Anonymous 0 Comments

The answers to this great question reminds me of the main character from Silicon Valley trying to explain to people how his compression algorithm stores data across everyone’s devices but doesn’t take any space on any of them.

Anonymous 0 Comments

There is no perfect answer to this question because we don’t know enough yet about how exactly everything works in a brain.

We have a lot of good theories, but many things are still fuzzy…

Anonymous 0 Comments

Literally yes, practically no. There’s plenty of space for all the memories you could ever have For the science, see the other poster’s bit on neurons.

Anonymous 0 Comments

As someone who develops AI, this is my take on it.

There are neurons and axons in the brain.

Neurons are like switches and axons are like cables.

A neuron is “switched” when a certain amount of electricity is collected at its input. Just like a real switch will turn on lights when we press it hard enough.

The electricity a neuron outputs will go through an axon to the input of another neuron. A real switch could turn on a light or a small machine which will press another switch using a cable to connect them.

You could actually make a ring out of 3 switches pressing each other. If you press switch A, it will press switch B.
B will switch C and C will switch A again.
Then A will switch B and B -> C.
This will loop forever and this is how our brain might memorize something.

So we would think our memories wouldn’t take up space, right? Kind of.

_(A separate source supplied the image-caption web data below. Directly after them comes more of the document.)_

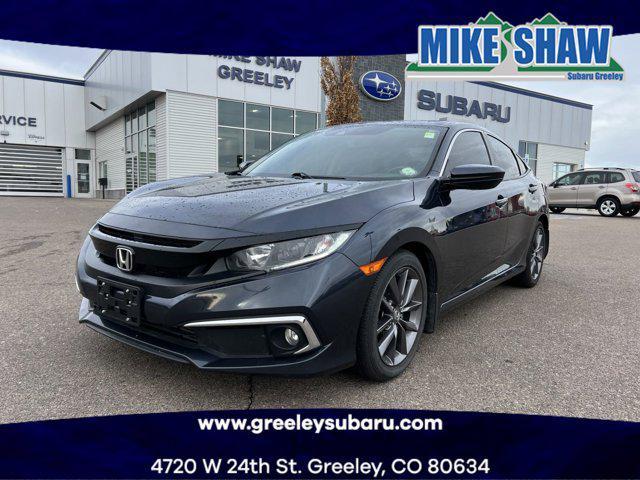 used 2020 Honda Civic car, priced at $21,981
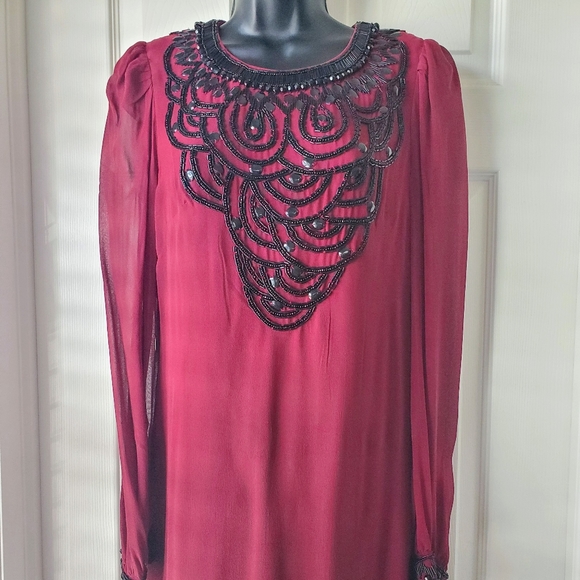 French Connection Silk Dress - Picture 2 of 3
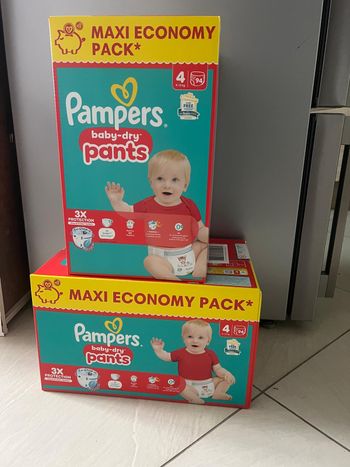 pants taille 4 pampers baby dry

The amount of electricity going to the other neuron will depend on the thickness of an axon. Just like huge cables are used to transmit gigantic amounts of electricity from one city to another, bigger axons will give space for more electricity to pass.

As our body can grow when we eat enough food, our axons can also grow when we use them a lot.

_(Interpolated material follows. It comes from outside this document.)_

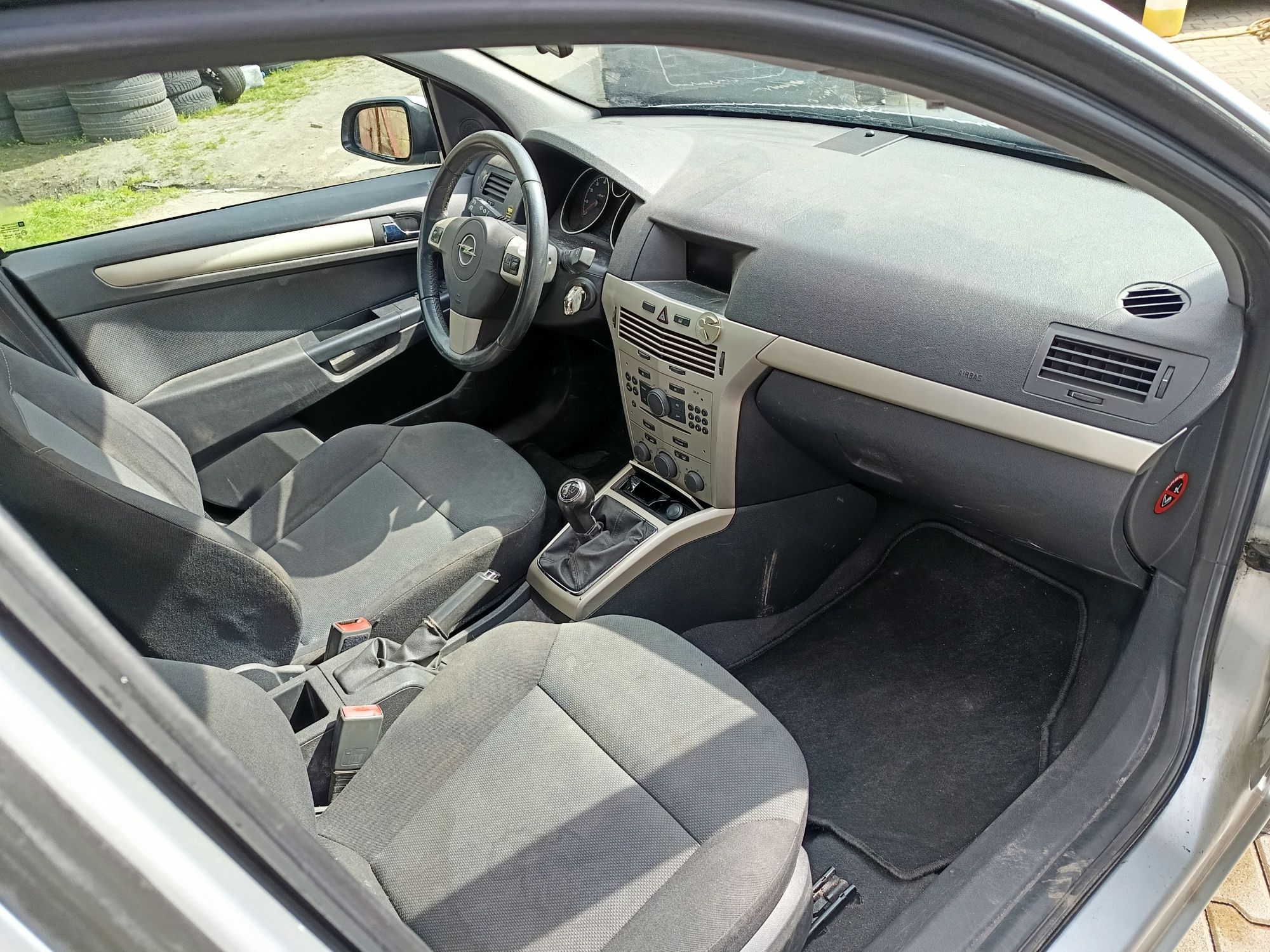 Opel Astra H z Niemiec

A short example of why this is interesting:

We have 2 switches:

– Switch A
– Switch B

and 2 cables:

– Cable A
– Cable B

Switch A is connected to a lamp via Cable A.

Switch B is connected to the same lamp via Cable B.

If cable A was too thin, Switch A couldn’t turn on the light, because no electricity would fit through the cable, while Switch B could.

This could impact the circle we talked about earlier.

The switches will only flip each other if the cables are thick enough.

Thus our memory depends on the thickness of axons and they occupy physical space.

Anonymous 0 Comments

Yes and no. In the most abstract sense it’s like storing your data in Amazon’s cloud. You know it’s there somewhere, and it is in principle possible to figure out what set of their hard drives are necessary to reconstruct your data, but in practice it’s impossible to know exactly which ones are involved. You can narrow it down to one or two datacenters, but not to which exact disks.